Но ведь я никогда не был до жалости трусливым; в прошлый раз, когда мы направлялись во Францию, я каждое мгновение был готов умереть; мы все, ехавшие в этом воинском эшелоне, были твердо убеждены, что спустя несколько дней ступим на землю Англии; я был готов и не боялся, всегда был готов, я действительно принял решение погибнуть. О, это было совсем не легко; прежде, да и потом, я часто говорил себе, что охотно умру и мне это ничего не стоит; но уже тогда я смутно ощутил, сколь легкомысленным было подобное пустословие, никто охотно не умирает, когда ему всего двадцать два года, но я был готов…
Эта отвратительная болезнь [18] подорвала и мои духовные силы; эти долгие семь недель — правда, поначалу наполненные кровью и страданиями, а потом нежностью, заботой, слабостью, — эти чудесные прогулки по длинным увитым зеленью аллеям госпиталя, это изумительное лето и Франция…
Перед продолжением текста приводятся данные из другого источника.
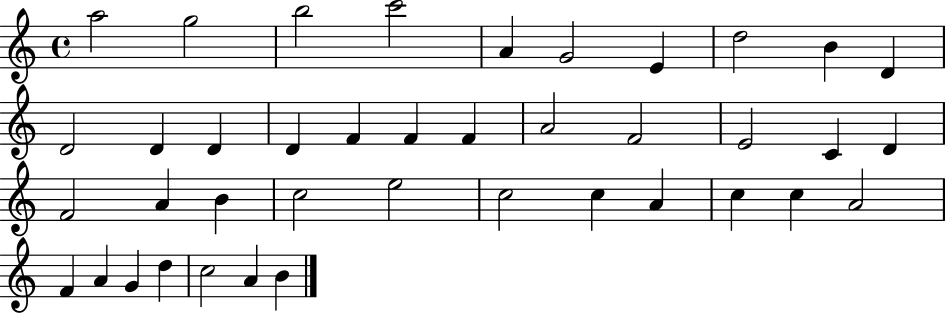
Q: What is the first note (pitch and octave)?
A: A5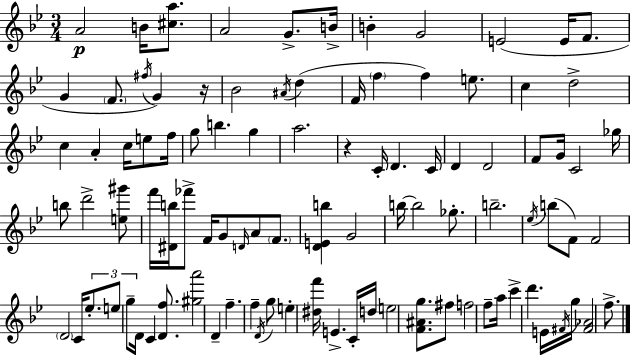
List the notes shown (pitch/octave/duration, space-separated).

A4/h B4/s [C#5,A5]/e. A4/h G4/e. B4/s B4/q G4/h E4/h E4/s F4/e. G4/q F4/e. F#5/s G4/q R/s Bb4/h A#4/s D5/q F4/s F5/q F5/q E5/e. C5/q D5/h C5/q A4/q C5/s E5/e F5/s G5/e B5/q. G5/q A5/h. R/q C4/s D4/q. C4/s D4/q D4/h F4/e G4/s C4/h Gb5/s B5/e D6/h [E5,G#6]/e F6/s [D#4,B5]/s FES6/e F4/s G4/e D4/s A4/e F4/e. [D4,E4,B5]/q G4/h B5/s B5/h Gb5/e. B5/h. Eb5/s B5/e F4/e F4/h D4/h C4/s Eb5/e. E5/e G5/e D4/s C4/q [D4,F5]/e. [G#5,A6]/h D4/q F5/q. F5/q D4/s G5/e E5/q [D#5,F6]/s E4/q. C4/s D5/s E5/h [F4,A#4,G5]/e. F#5/e F5/h F5/e A5/s C6/q D6/q. E4/s F#4/s G5/s [F#4,Ab4]/h F5/e.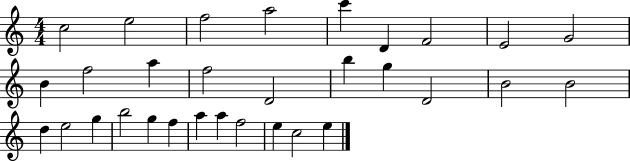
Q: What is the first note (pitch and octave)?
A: C5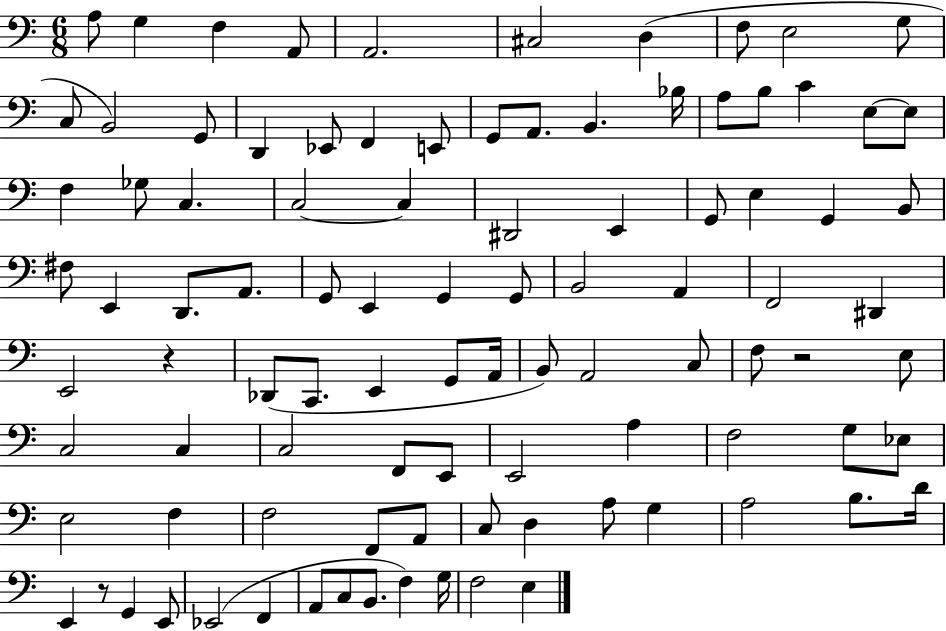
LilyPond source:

{
  \clef bass
  \numericTimeSignature
  \time 6/8
  \key c \major
  \repeat volta 2 { a8 g4 f4 a,8 | a,2. | cis2 d4( | f8 e2 g8 | \break c8 b,2) g,8 | d,4 ees,8 f,4 e,8 | g,8 a,8. b,4. bes16 | a8 b8 c'4 e8~~ e8 | \break f4 ges8 c4. | c2~~ c4 | dis,2 e,4 | g,8 e4 g,4 b,8 | \break fis8 e,4 d,8. a,8. | g,8 e,4 g,4 g,8 | b,2 a,4 | f,2 dis,4 | \break e,2 r4 | des,8( c,8. e,4 g,8 a,16 | b,8) a,2 c8 | f8 r2 e8 | \break c2 c4 | c2 f,8 e,8 | e,2 a4 | f2 g8 ees8 | \break e2 f4 | f2 f,8 a,8 | c8 d4 a8 g4 | a2 b8. d'16 | \break e,4 r8 g,4 e,8 | ees,2( f,4 | a,8 c8 b,8. f4) g16 | f2 e4 | \break } \bar "|."
}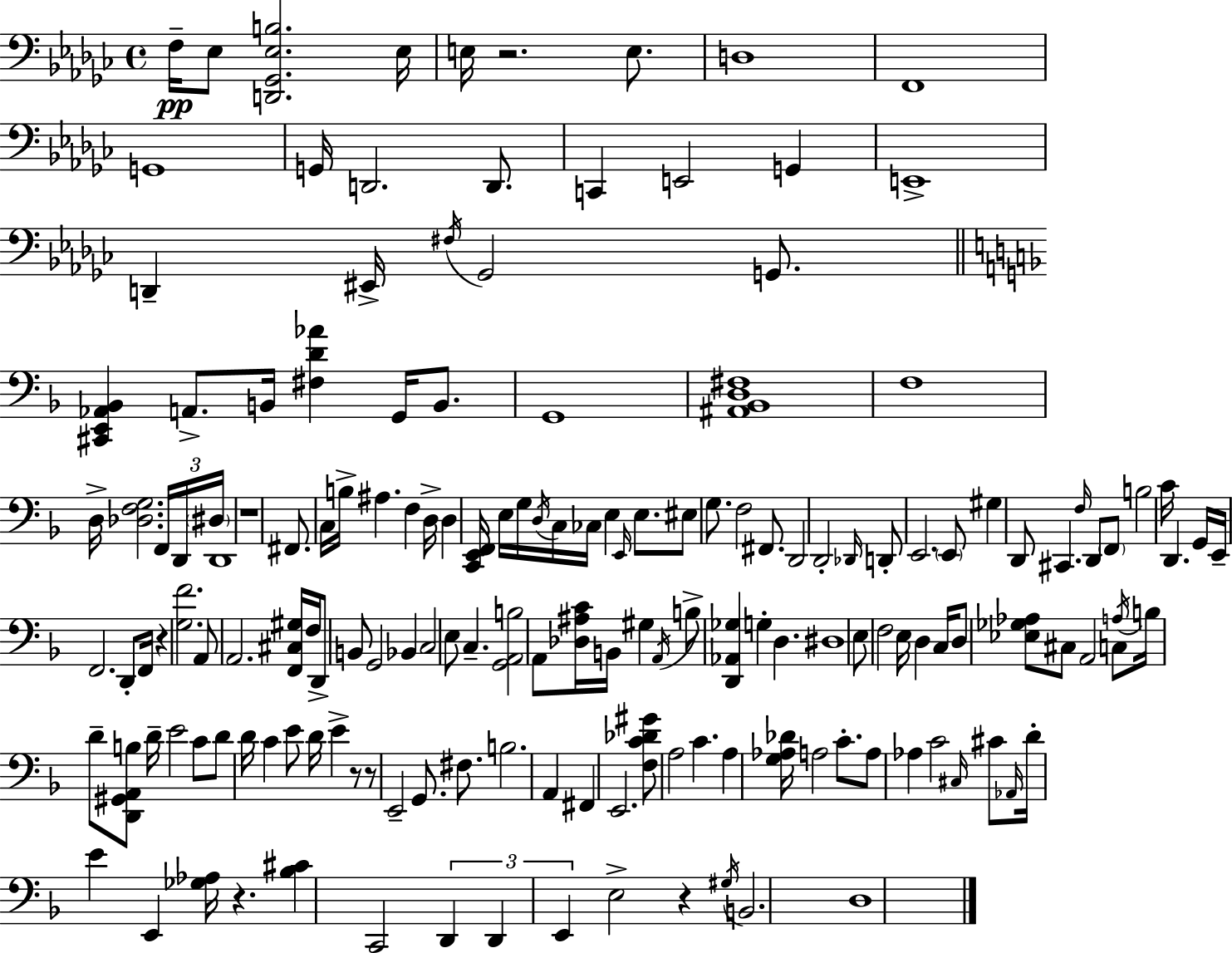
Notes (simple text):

F3/s Eb3/e [D2,Gb2,Eb3,B3]/h. Eb3/s E3/s R/h. E3/e. D3/w F2/w G2/w G2/s D2/h. D2/e. C2/q E2/h G2/q E2/w D2/q EIS2/s F#3/s Gb2/h G2/e. [C#2,E2,Ab2,Bb2]/q A2/e. B2/s [F#3,D4,Ab4]/q G2/s B2/e. G2/w [A#2,Bb2,D3,F#3]/w F3/w D3/s [Db3,F3,G3]/h. F2/s D2/s D#3/s D2/w R/w F#2/e. C3/s B3/s A#3/q. F3/q D3/s D3/q [C2,E2,F2]/s E3/s G3/s D3/s C3/s CES3/s E3/q E2/s E3/e. EIS3/e G3/e. F3/h F#2/e. D2/h D2/h Db2/s D2/e E2/h. E2/e G#3/q D2/e C#2/q. F3/s D2/e F2/e B3/h C4/s D2/q. G2/s E2/s F2/h. D2/e F2/s R/q [G3,F4]/h. A2/e A2/h. [F2,C#3,G#3]/s F3/s D2/e B2/e G2/h Bb2/q C3/h E3/e C3/q. [G2,A2,B3]/h A2/e [Db3,A#3,C4]/s B2/s G#3/q A2/s B3/e [D2,Ab2,Gb3]/q G3/q D3/q. D#3/w E3/e F3/h E3/s D3/q C3/s D3/e [Eb3,Gb3,Ab3]/e C#3/e A2/h C3/e A3/s B3/s D4/e [D2,G#2,A2,B3]/e D4/s E4/h C4/e D4/e D4/s C4/q E4/e D4/s E4/q R/e R/e E2/h G2/e. F#3/e. B3/h. A2/q F#2/q E2/h. [F3,C4,Db4,G#4]/e A3/h C4/q. A3/q [G3,Ab3,Db4]/s A3/h C4/e. A3/e Ab3/q C4/h C#3/s C#4/e Ab2/s D4/s E4/q E2/q [Gb3,Ab3]/s R/q. [Bb3,C#4]/q C2/h D2/q D2/q E2/q E3/h R/q G#3/s B2/h. D3/w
С этого времени я потерял всякую охоту оказаться на фронте, лишь казарма могла выгнать меня туда; к тому же надо было считаться и с родителями, и еще одно: здесь у меня была возможность каждые две недели наведываться в Кёльн. […]
18
Имеется в виду дизентерия.
Как распорядится Бог, я не знаю, но что Он ни делает, все к лучшему; мне по-прежнему стыдно надеяться, что Он все удачно устроит для нас, к тому же для этого есть чисто организационная возможность. Мы не станем уповать на слишком уж благополучный исход, чтобы потом не было так больно. […]
В последние недели, испытывая великие муки, заливаясь кровью и слезами, я страстно молил Бога избавить меня от такого униженного и мученического существования, и часто во мне действительно зарождалась надежда, что Он внемлет моей просьбе, именно часто, но не всегда. Я не просил Бога оградить меня от страданий, нет, ибо тогда я сброшу с себя крест, я — христианин и считаю, что этот знак выжжен в моем сердце и моей душе; нет, я ничего не имею против страданий, но я молил Его освободить меня только от одного страдания — быть прусским солдатом при данных обстоятельствах без шанса на уверенность в утешении… Завтра или послезавтра решится моя судьба. Если меня отправят далеко, я предприму все усилия, чтобы перед отъездом повидать тебя […] Вверим же себя в руци Божии.